Assets in higher-risk locations, whether that is due to crime, flooding or other reasons, are simply going to cost more to insure, Al Qoreishy said.

“Your job as an investor is to lower that risk for the insurance companies. You get a lower rate if you’re a lower risk for them,” she said. “At the end of the day, they don’t want to pay out.”

Al Qoreishy recommends upgrading property security, researching properties before purchasing and being aware of past claims and losses, adding that insurance brokers help in this area. A relationship with an agent is more important than ever to avoid risky properties with bank-breaking rates, he says.

RR Living avoids renewing insurance policies during hurricane season because that is when rates are at their highest, French says.
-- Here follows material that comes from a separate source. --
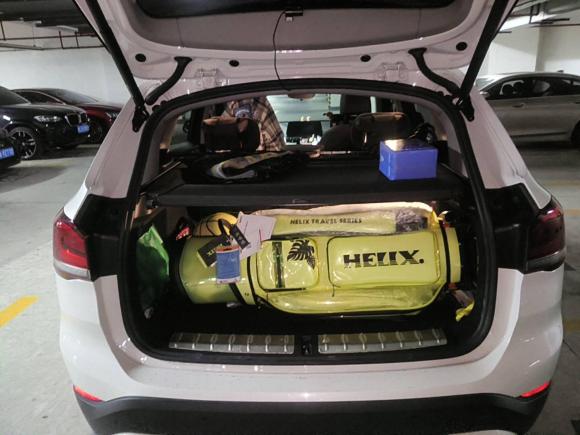 [上海·沪F] 二手宝马宝马X12021款 sDrive25Li 领先型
It also finds discounts by insuring multiple properties on one policy, replacing older windows with wind-resistant glass, upgrading wiring and raising foundations on new construction in flood-prone areas.

For investors, Goyal suggests to lenders to “get them to be more reasonable” about insurance policy requirements.

“A lot of them have preset requirements and what they want to see for insurance,” he said. “The [pricing] has changed substantially, so we’re starting to see some lenders come down on that.”

That is another thing an insurance broker can help with, Johnson said, adding buyers need to review contract language carefully to “see if we can push back.”